Awarded by Kiribati
- Type: Order
- Established: 1 June 1989; 35 years ago
- Country: Kiribati
- Ribbon: Blue with yellow edges and a red central stripe with white edges
- Criteria: Former presidents of Kiribati who have served at least two full terms; others deemed deserving
- Status: Currently constituted
- Founder: Ieremia Tabai
- Classes: Single-class
- Post-nominals: A.T.K.

Statistics
- First induction: 1992

Precedence
- Next (higher): None
- Next (lower): Kiribati National Order

= Kiribati Grand Order =

Kiribati's highest honour

The reverse side bears the coat of arms of Kiribati and the obverse has the frigatebird.

The Kiribati Grand Order (KGO; Ana Tokabeti Kiribati, post-nominals A.T.K.) is the highest honour of Kiribati. The order was founded in 1989 under President Ieremia Tabai by the Presidential Act of 1 June 1989 (Kiribati National Honours and Awards Act 1989) which established the Kiribati honours system.

The order can be conferred upon "former Beretitenti [presidents of Kiribati] who have served a minimum of two full presidential terms. It may also be bestowed or conferred upon such other persons who in the opinion of the [Kiribati National Honours and Awards] Commission deserve to be bestowed or conferred with such Order." Past recipients include Ieremia Tabai, three-time president of Kiribati (the first inductee, 1992), and John Hilary Smith, former Governor of the Gilbert Islands before it became Kiribati (2009). Nominations to the order are made on 12 July, the national day of Kiribati. The Kiribati National Honours and Awards Commission conducts the selection of candidates but the conferment of the order is a prerogative of the president of Kiribati, who may also revoke membership in the order.

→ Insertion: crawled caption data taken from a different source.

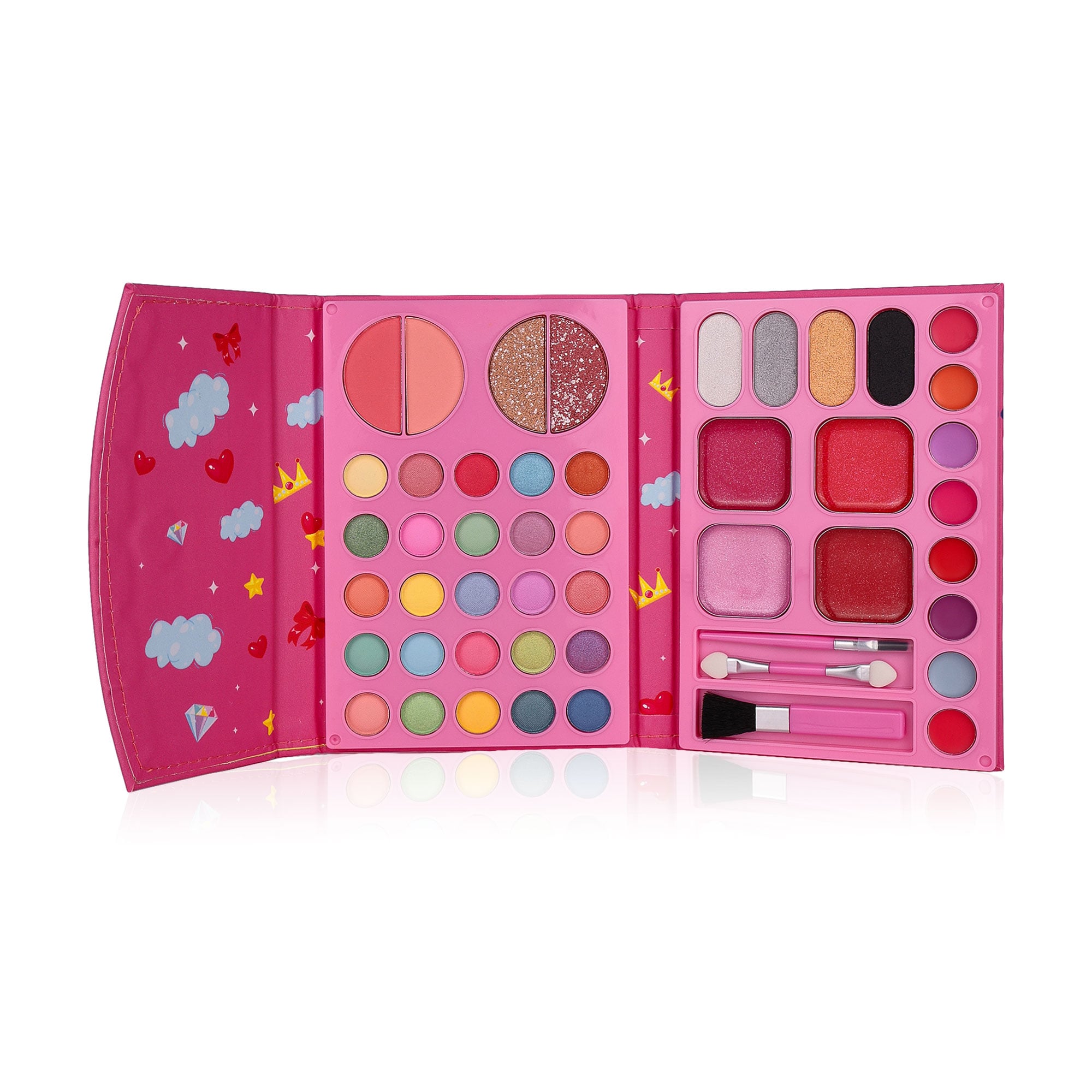 

Палетка-блокнот Honey Bunny Miss Барвисті мрії (тіні для повік, 25*0.3 г + пудра, 4*1.7 г + рум'яна, 4*2.6 г, тіні для брів, 4*1 г + блиск для губ, 8*0.25 г)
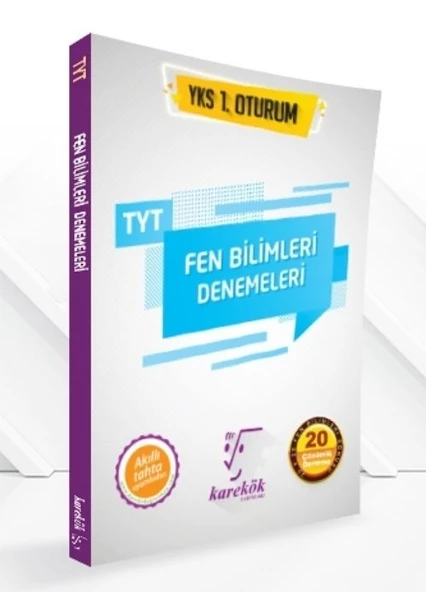 YKS 1.Oturum TYT Fen Bilimleri Denemeleri Karekök Yayınları ürün görseli 1
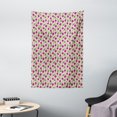 thumbnail image 1 of Pink Floral Tapestry, Colorful Abstract Poppy Flowers and Buds on Neutral Backdrop, Wall Hanging for Bedroom Living Room Dorm Decor, 40W X 60L Inches, Pale Eggshell and Multicolor, by Ambesonne, 1 of 2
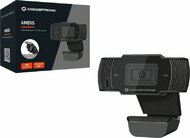 Conceptronic Webkamera - AMDIS03B (1280x720 képpont, 30 FPS, USB 2.0, univerzális csipesz, mikrofon)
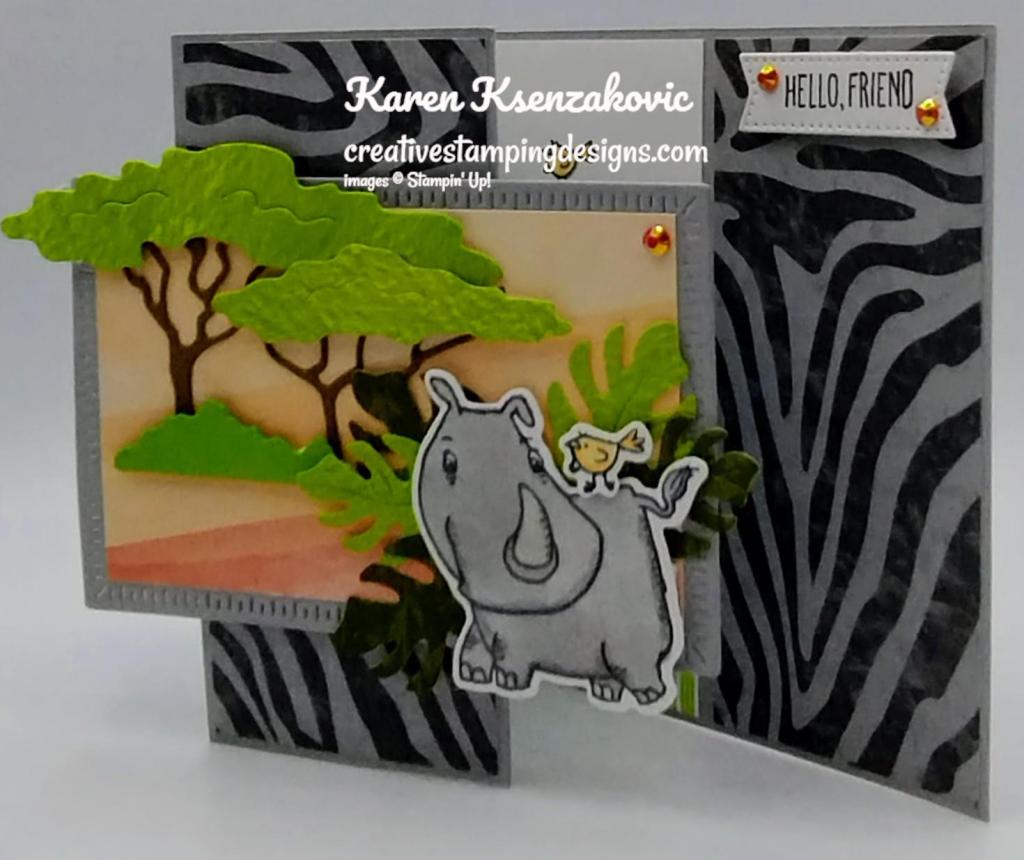 Stampin' Up! Rhino Ready Fun Fold 4 creativestampingdesigns.com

The Kiribati Grand Order is classified as one of four civil awards in the Kiribati honours system, the remaining two being reserved for members of the disciplined forces. Ranking immediately below the Kiribati Grand Order in the civil category is the Kiribati National Order.

The insignia of the order is a gilt medal that is 3.2 cm in diameter. The medal is suspended from a straight bar that is attached to the ribbon. The ribbon is blue and has yellow edges and a red central stripe with white edges. The obverse side of the medal features the name of the order inscribed in Gilbertese, ANA TOKABETI KIRIBATI, and a male frigatebird on a branch whose inflated throat pouch is enamelled in red. The same frigatebird, in flight, is featured in the coat of arms of Kiribati, which is replicated in full on the reverse side of the medal. The outer edges of the medal on the obverse side feature a pattern of alternating points of a compass rose and ocean waves.

In 2022 the office of the president of Kiribati announced a competition to re-name and re-design all of Kiribati's honours including the Kiribati Grand Order.